Task requirements> Repeat exactly the lines beginning at the one that contains "Convert and Download" and running to the end of the material. Omit the pictures.

[Start of section]

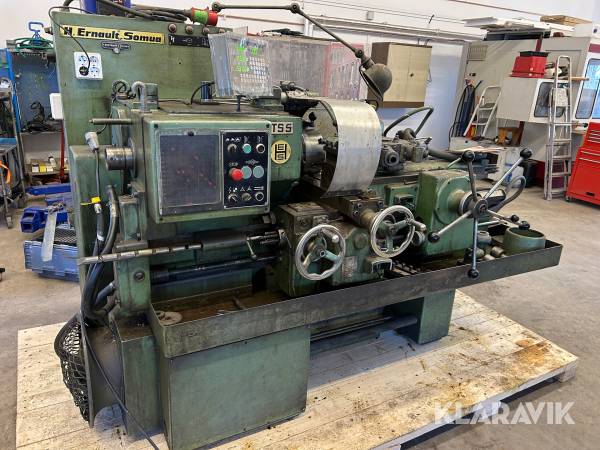 Revolver svarv H.Ernault somua TS5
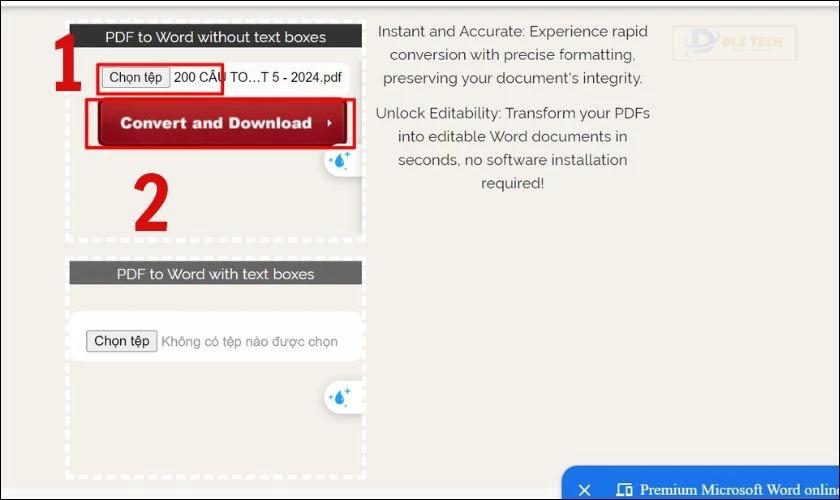 Convert and Download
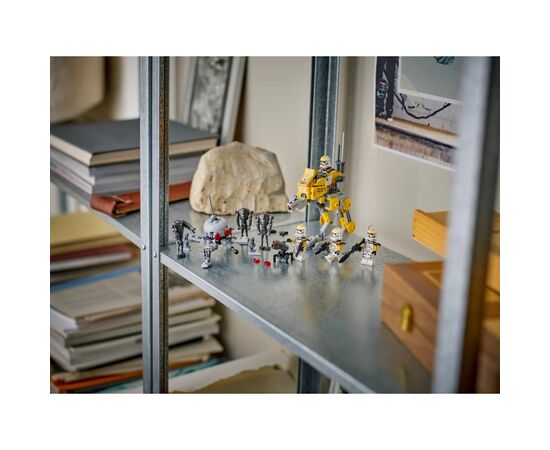 Конструктор LEGO Star Wars Боевой отряд бойцов-клонов 327-го галактического корпуса (75431), изображение 10 Конструктор LEGO Star Wars Боевой отряд бойцов-клонов 327-го галактического корпуса (75431), изображение 10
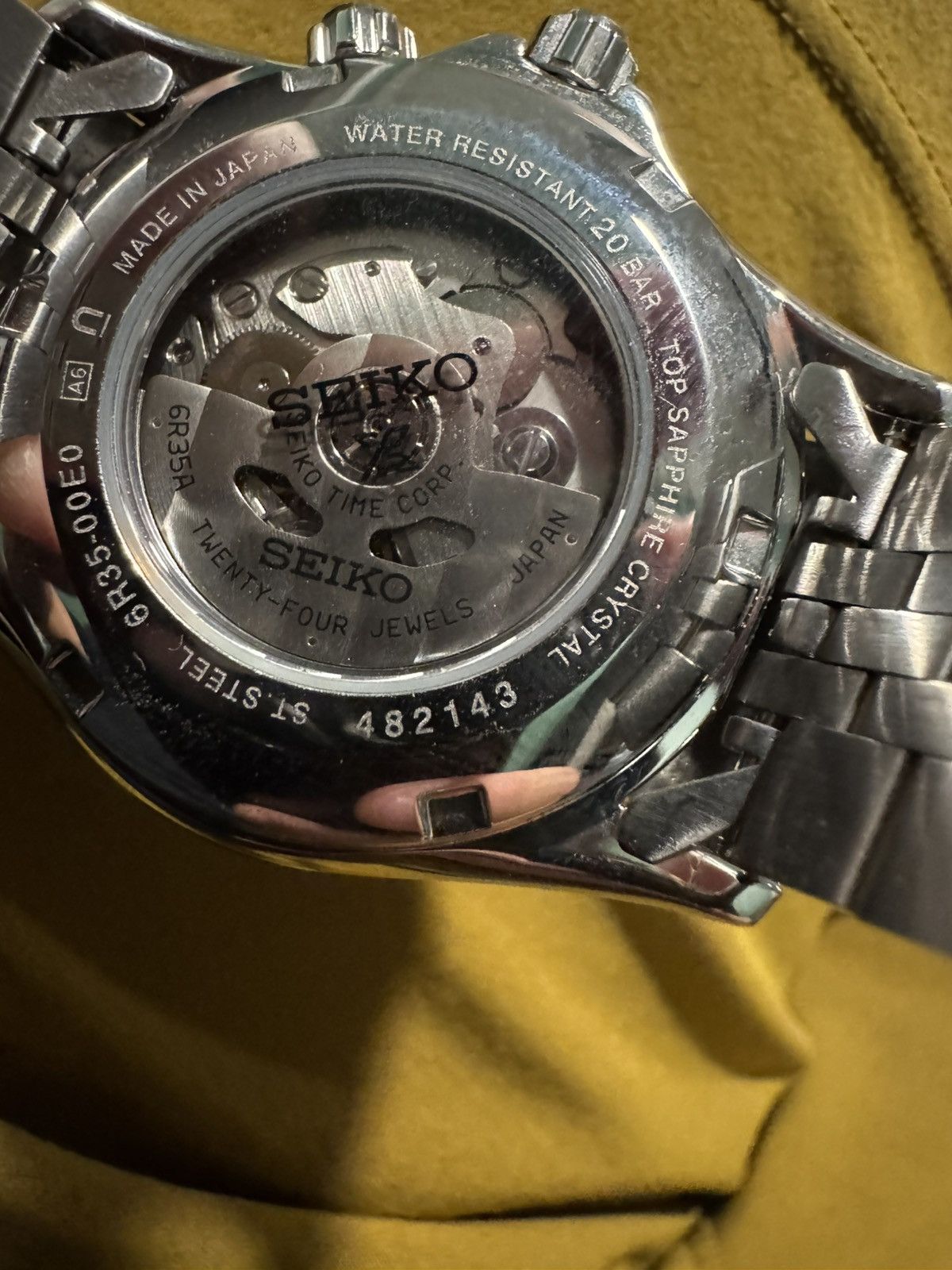 Seiko Seiko Alpinist 2024 Size ONE SIZE - 3 Thumbnail
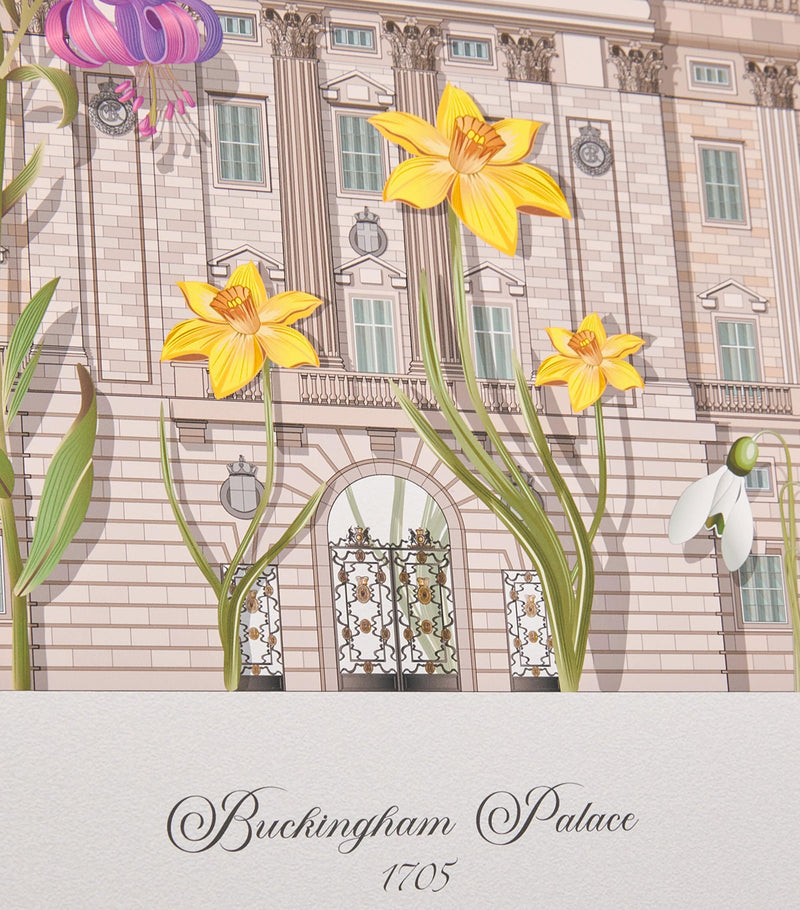 Konstantinos Chalaris Buckingham Palace print 42cm x 30cm, UK version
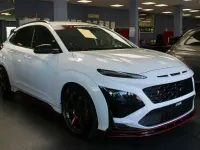 Gebraucht Hyundai Kona N Performance 280 PS (205 kW) 2022 Weiß SUV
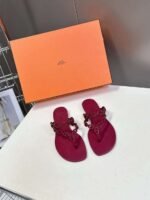 Hermès 2025 Summer New Slippers High Quality Edition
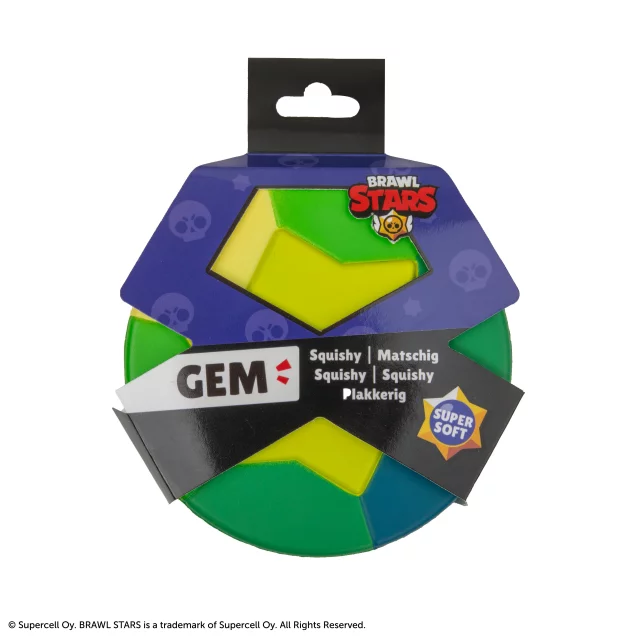 Figur Brawl Stars - Gem (Anti-Stress)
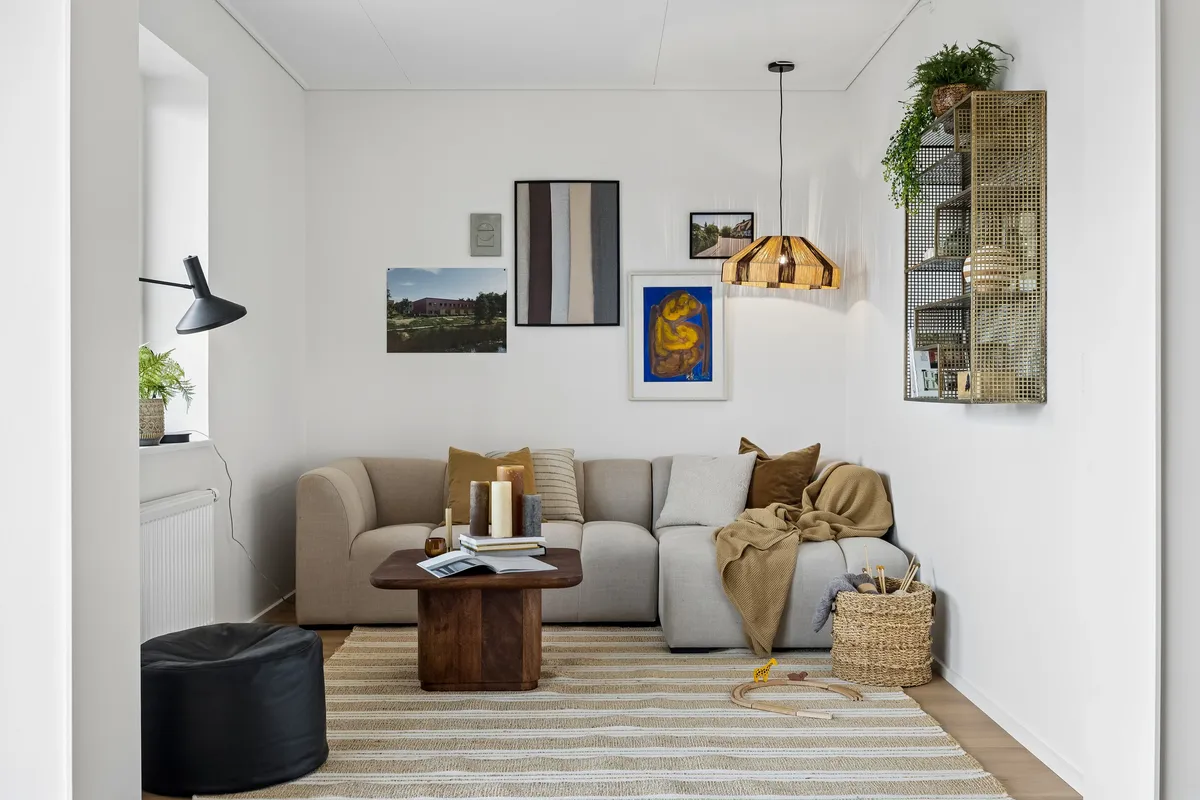 3-vær. rækkehus på 93 m² - Taastrup - Billede 3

[End of section]

Expected answer>
 Convert and Download
 Конструктор LEGO Star Wars Боевой отряд бойцов-клонов 327-го галактического корпуса (75431), изображение 10 Конструктор LEGO Star Wars Боевой отряд бойцов-клонов 327-го галактического корпуса (75431), изображение 10
 Seiko Seiko Alpinist 2024 Size ONE SIZE - 3 Thumbnail
 Konstantinos Chalaris Buckingham Palace print 42cm x 30cm, UK version
 Gebraucht Hyundai Kona N Performance 280 PS (205 kW) 2022 Weiß SUV
 Hermès 2025 Summer New Slippers High Quality Edition
 Figur Brawl Stars - Gem (Anti-Stress)
 3-vær. rækkehus på 93 m² - Taastrup - Billede 3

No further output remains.